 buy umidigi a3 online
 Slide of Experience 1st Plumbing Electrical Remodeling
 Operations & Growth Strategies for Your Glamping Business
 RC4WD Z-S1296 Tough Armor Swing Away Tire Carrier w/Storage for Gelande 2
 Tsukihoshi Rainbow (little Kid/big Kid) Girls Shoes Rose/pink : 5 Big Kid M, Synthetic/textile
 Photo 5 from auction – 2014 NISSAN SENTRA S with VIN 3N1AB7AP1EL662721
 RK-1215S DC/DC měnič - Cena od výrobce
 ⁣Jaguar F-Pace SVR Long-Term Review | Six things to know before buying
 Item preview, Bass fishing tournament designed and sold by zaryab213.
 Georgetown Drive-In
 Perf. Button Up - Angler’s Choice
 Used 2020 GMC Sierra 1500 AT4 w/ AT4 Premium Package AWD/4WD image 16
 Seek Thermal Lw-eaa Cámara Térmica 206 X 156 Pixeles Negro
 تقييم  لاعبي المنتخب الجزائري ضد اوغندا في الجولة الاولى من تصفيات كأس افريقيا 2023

* * *

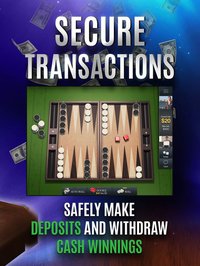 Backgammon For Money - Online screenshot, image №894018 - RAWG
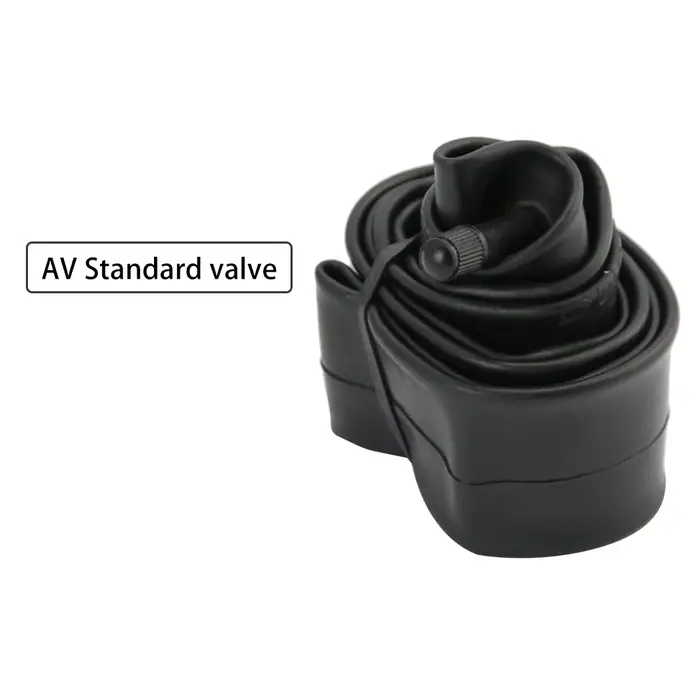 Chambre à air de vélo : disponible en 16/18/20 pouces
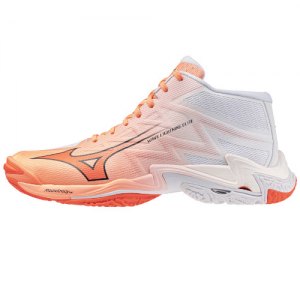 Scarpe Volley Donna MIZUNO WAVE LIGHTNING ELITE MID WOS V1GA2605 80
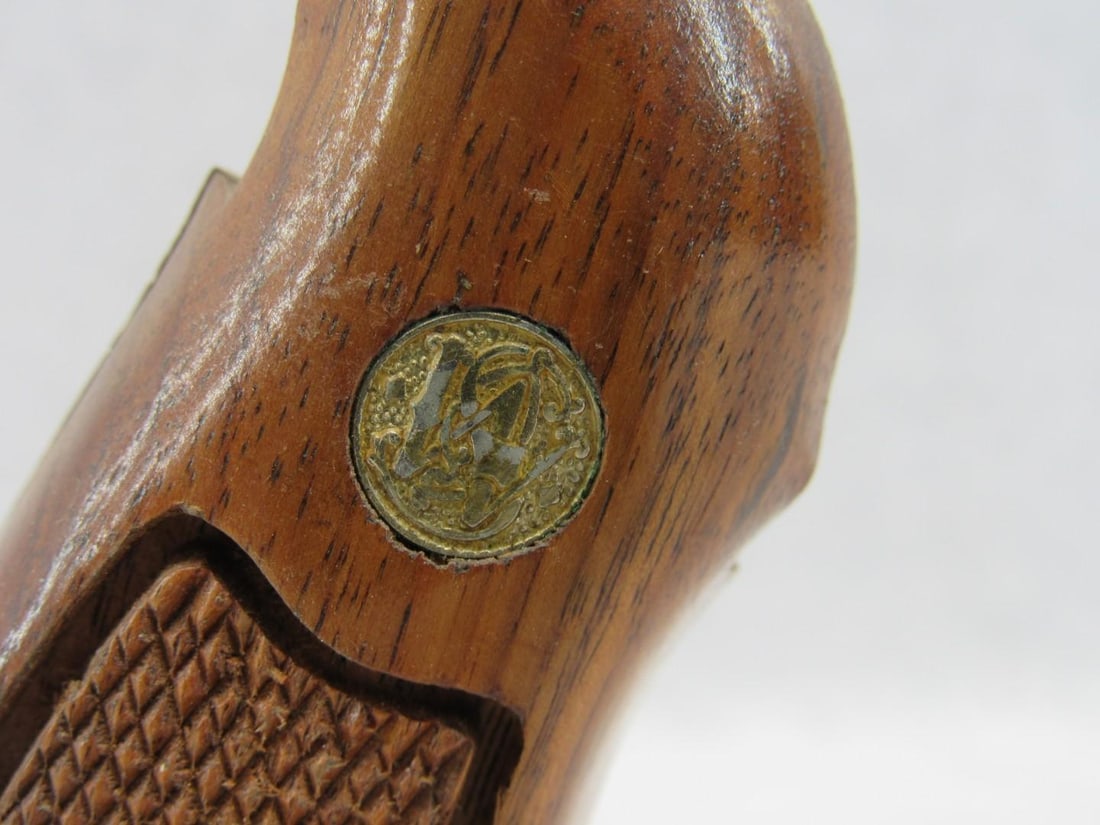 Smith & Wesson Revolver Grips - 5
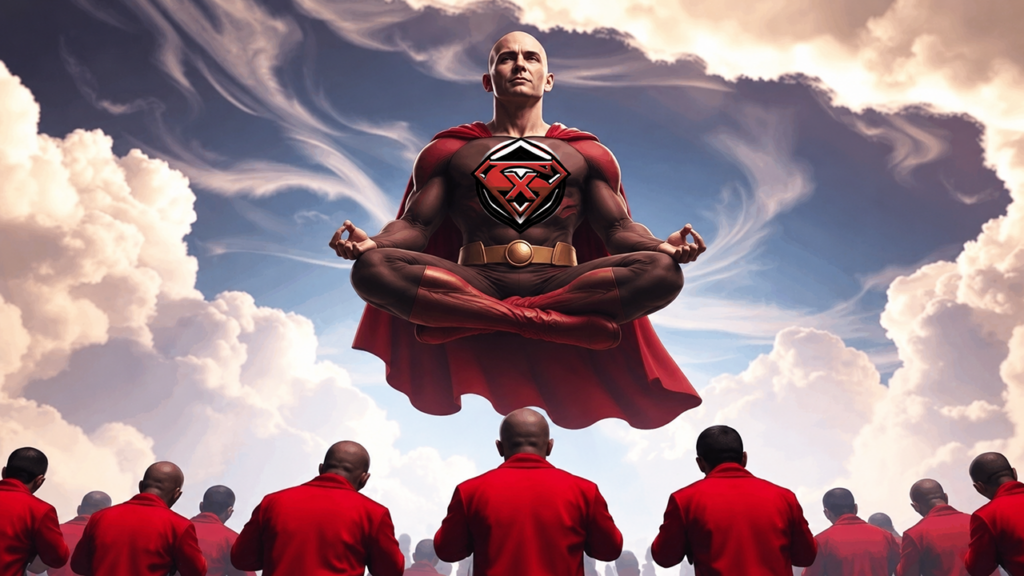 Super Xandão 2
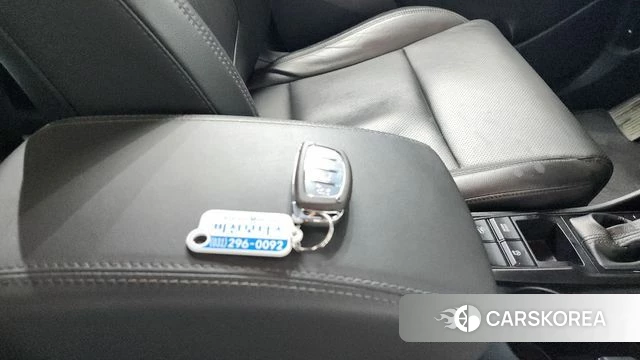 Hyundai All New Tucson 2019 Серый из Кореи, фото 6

==

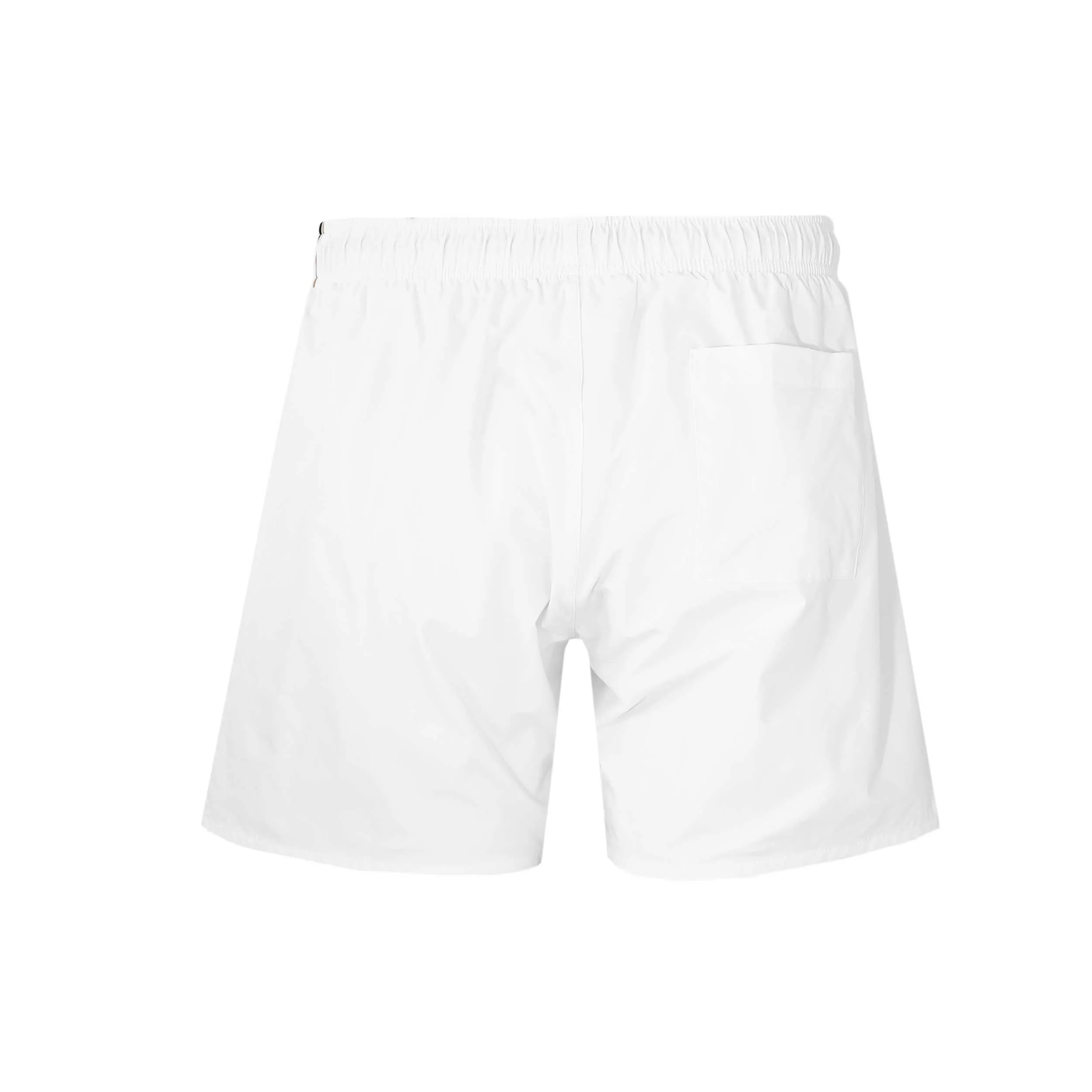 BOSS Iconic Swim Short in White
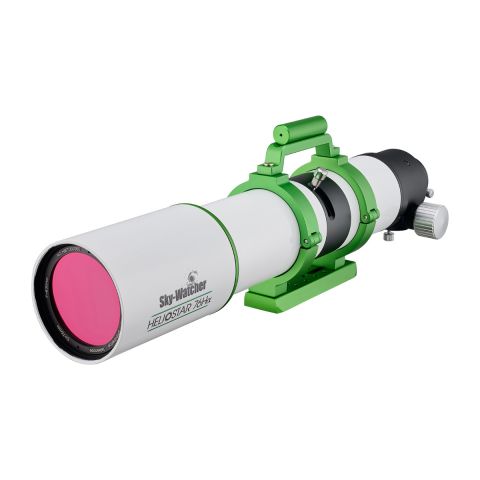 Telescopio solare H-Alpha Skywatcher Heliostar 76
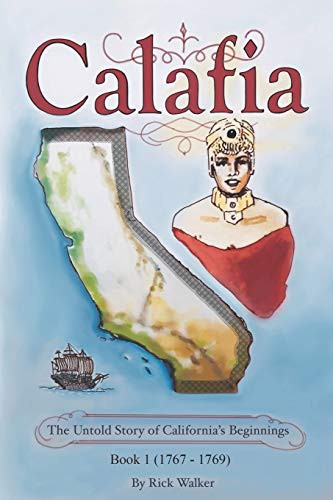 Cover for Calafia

▶ _Task directions_
Using the entries above, extract exactly the span from the line with "Tsukihoshi Rainbow (little" to the line with "Used 2020 GMC", both lines included; leave out everything else.

▶ _Output below_
 Tsukihoshi Rainbow (little Kid/big Kid) Girls Shoes Rose/pink : 5 Big Kid M, Synthetic/textile
 Photo 5 from auction – 2014 NISSAN SENTRA S with VIN 3N1AB7AP1EL662721
 RK-1215S DC/DC měnič - Cena od výrobce
 ⁣Jaguar F-Pace SVR Long-Term Review | Six things to know before buying
 Item preview, Bass fishing tournament designed and sold by zaryab213.
 Georgetown Drive-In
 Perf. Button Up - Angler’s Choice
 Used 2020 GMC Sierra 1500 AT4 w/ AT4 Premium Package AWD/4WD image 16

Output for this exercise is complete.